### Action item
Apart from the pictures, every line below is to be set down exactly.

### Dataset section
+--

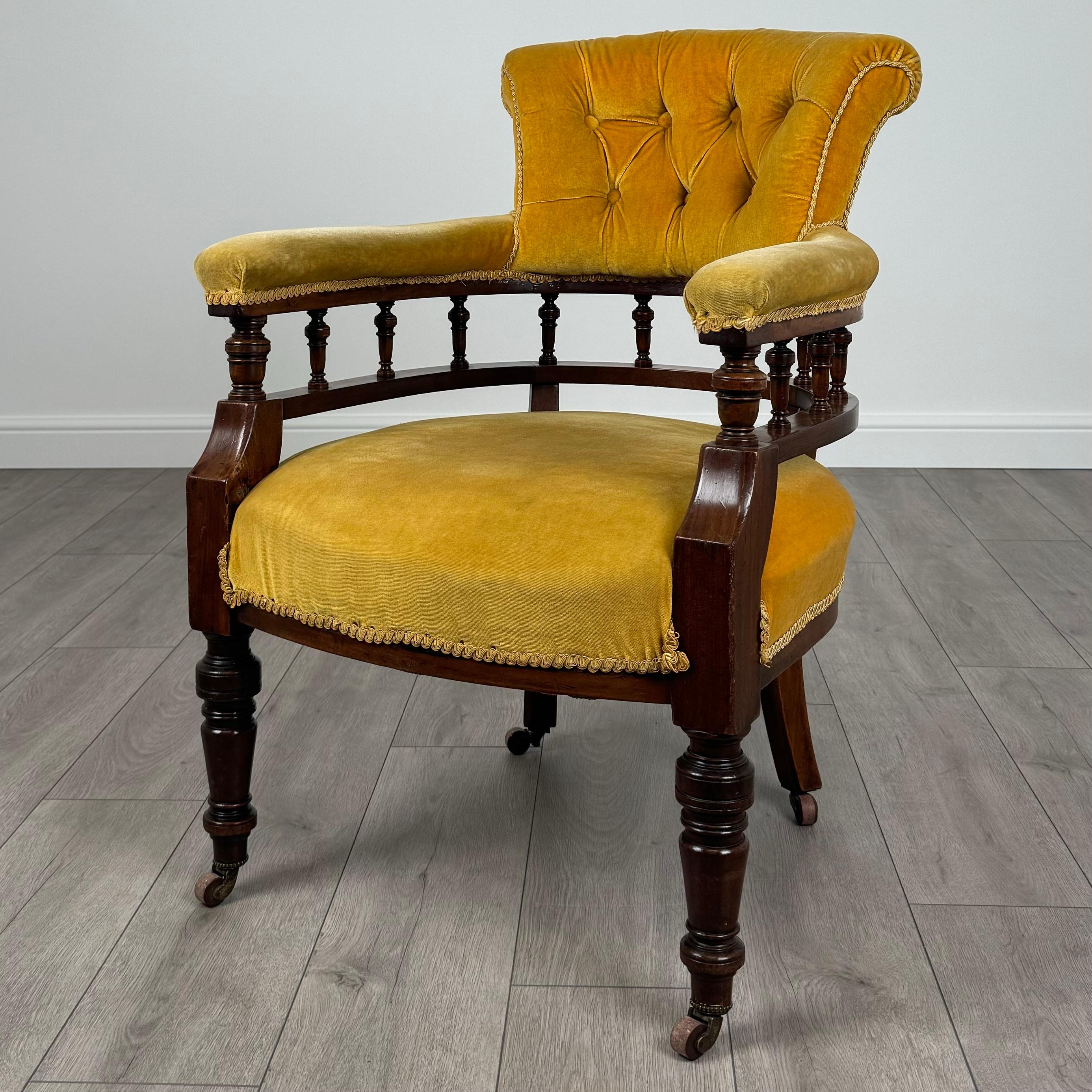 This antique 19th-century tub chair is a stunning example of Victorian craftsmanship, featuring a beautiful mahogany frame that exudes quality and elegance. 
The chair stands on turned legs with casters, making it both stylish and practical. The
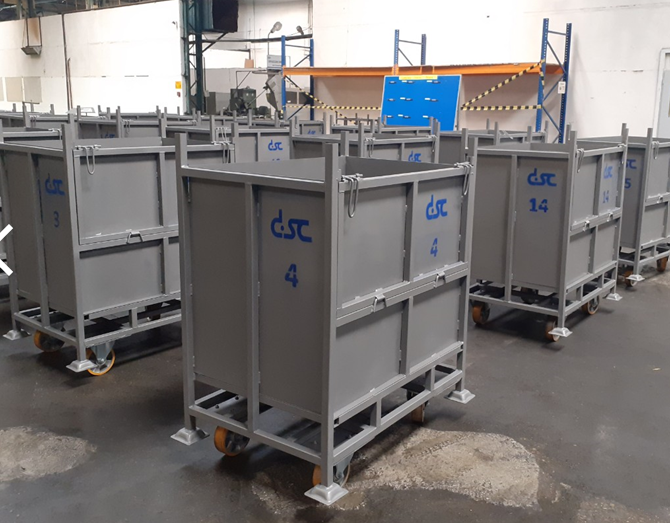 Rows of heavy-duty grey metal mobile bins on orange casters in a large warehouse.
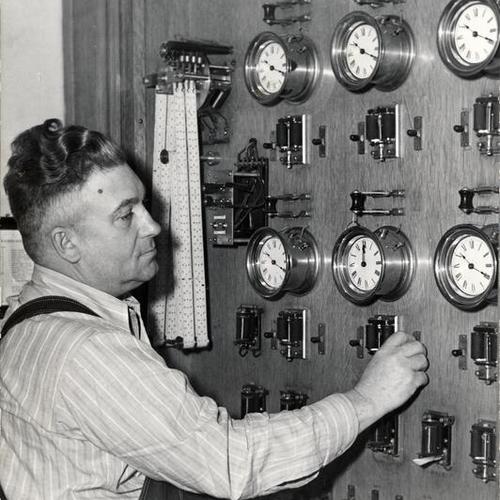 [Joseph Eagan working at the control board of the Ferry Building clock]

+--

### Result of the task
 This antique 19th-century tub chair is a stunning example of Victorian craftsmanship, featuring a beautiful mahogany frame that exudes quality and elegance. 
The chair stands on turned legs with casters, making it both stylish and practical. The
 Rows of heavy-duty grey metal mobile bins on orange casters in a large warehouse.
 [Joseph Eagan working at the control board of the Ferry Building clock]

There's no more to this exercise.